I am adding this answer as another possibility which people may encounter when
- downloading from multiple servers using multi-threaded apps
- using Windows XP or Vista as the operating system
The tcpip.sys
driver for these operating systems has a limit of 10 outbound connections per second. This is a rate limit, not a connection limit, so you can have hundreds of connections, but you cannot initiate more than 10/s. The limit was imposed by Microsoft to curtail the spread of certain types of virus/worm. Whether such methods are effective is outside the scope of this answer.
In a multi-threaded application that downloads from multitudes of servers, this limitation can manifest as a series of timeouts. Windows puts into a queue all of the "half-open" (newly open but not yet established) connections once the 10/s limit is reached. In my application, for example, I had 20 threads ready to process connections, but I found that sometimes I would get timeouts from servers I knew were operating and reachable.
To verify that this is happening, check the operating system's event log, under System. The error is:
EventID 4226: TCP/IP has reached the security limit imposed on the number of concurrent TCP connect attempts.
There are many references to this error and plenty of patches and fixes to apply to remove the limit. However because this problem is frequently encountered by P2P (Torrent) users, there's quite a prolific amount of malware disguised as this patch.
I have a requirement to collect data from over 1200 servers (that are actually data sensors) on 5-minute intervals. I initially developed the application (on WinXP) to reuse 20 threads repeatedly to crawl the list of servers and aggregate the data into a SQL database. Because the connections were initiated based on a timer tick event, this error happened often because at their invocation, none of the connections are established, thus 10 are immediately queued.

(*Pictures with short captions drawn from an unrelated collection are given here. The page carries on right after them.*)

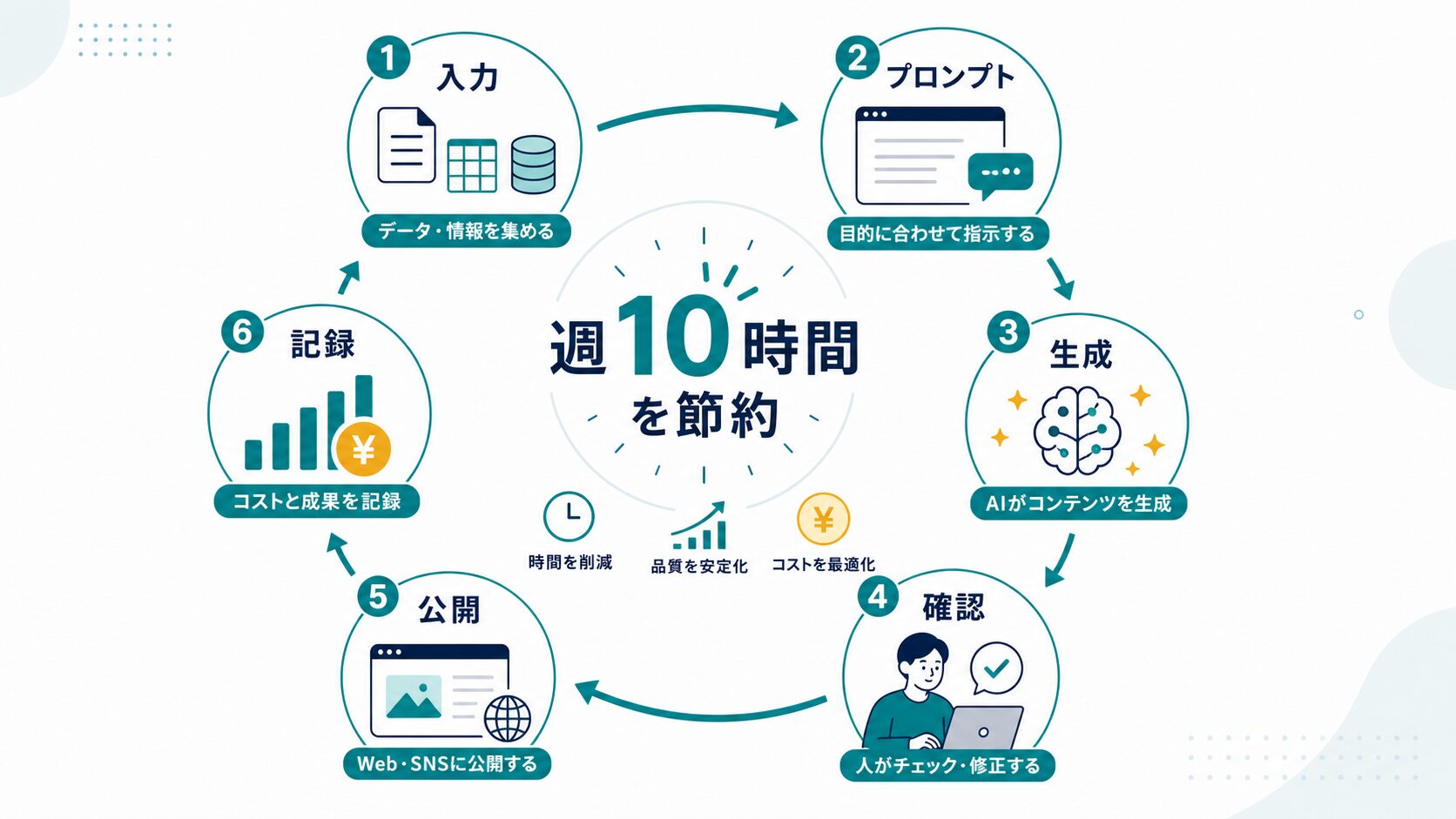 業務コンテンツ自動生成パイプラインのまとめ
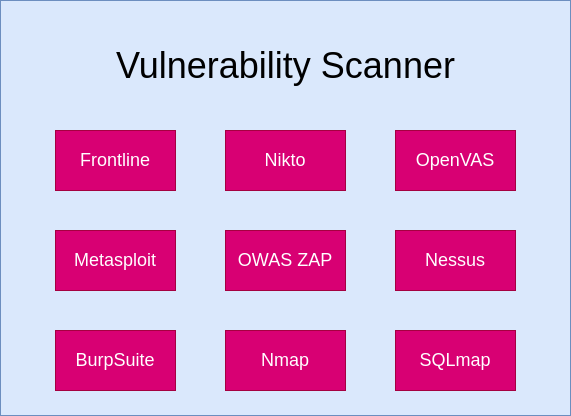 drawio: vulnerability-scanner drawio: vulnerability-scanner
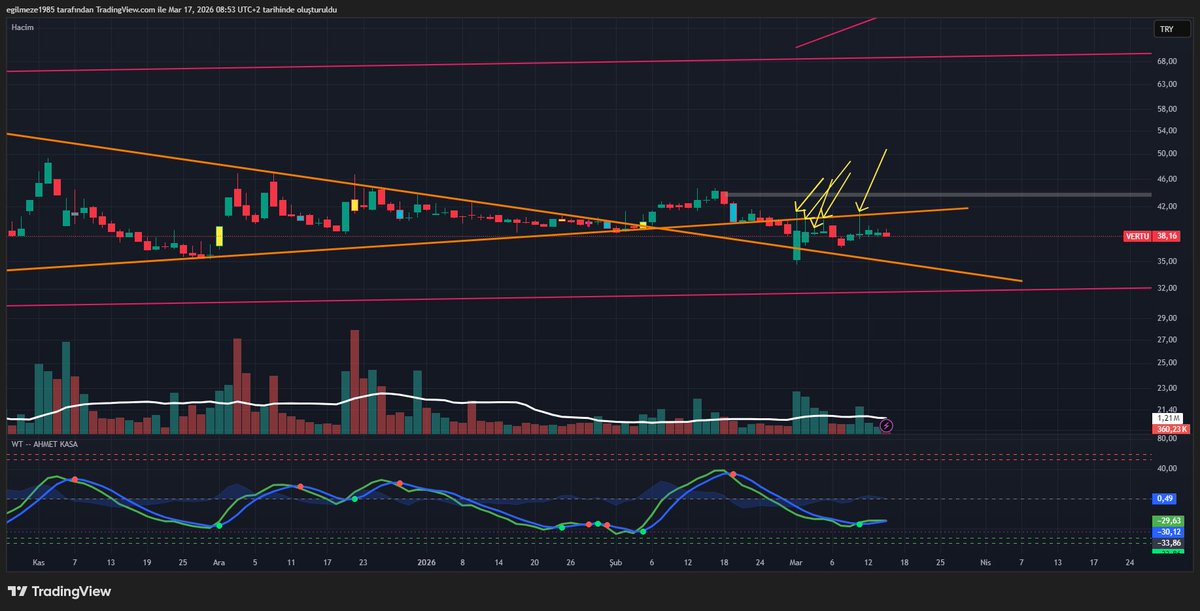 egilmeze1985's tweet image. #VERTU baskı yiyor mumlardan görüldüğü üzere birileri tepesine vuruyor tahtanın kalkmasına müsade etmiyorlar.. Lakin gittiğinde sağlam gidecek hedeflerde bir değişiklik yok.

Note that this isn't a problem necessarily, because as connections are established, those queued are then processed. However if non-queued connections are slow to establish, that time can negatively impact the timeout limits of the queued connections (in my experience). The result, looking at my application log file, was that I would see a batch of connections that timed out, followed by a majority of connections that were successful. Opening a web browser to test "timed out" connections was confusing, because the servers were available and quick to respond.
I decided to try HEX editing the tcpip.sys file, which was suggested on a guide at speedguide.net. The checksum of my file differed from the guide (I had SP3 not SP2) and comments in the guide weren't necessarily helpful. However, I did find a patch that worked for SP3 and noticed an immediate difference after applying it.
From what I can find, Windows 7 does not have this limitation, and since moving the application to a Windows 7-based machine, the timeout problem has remained absent.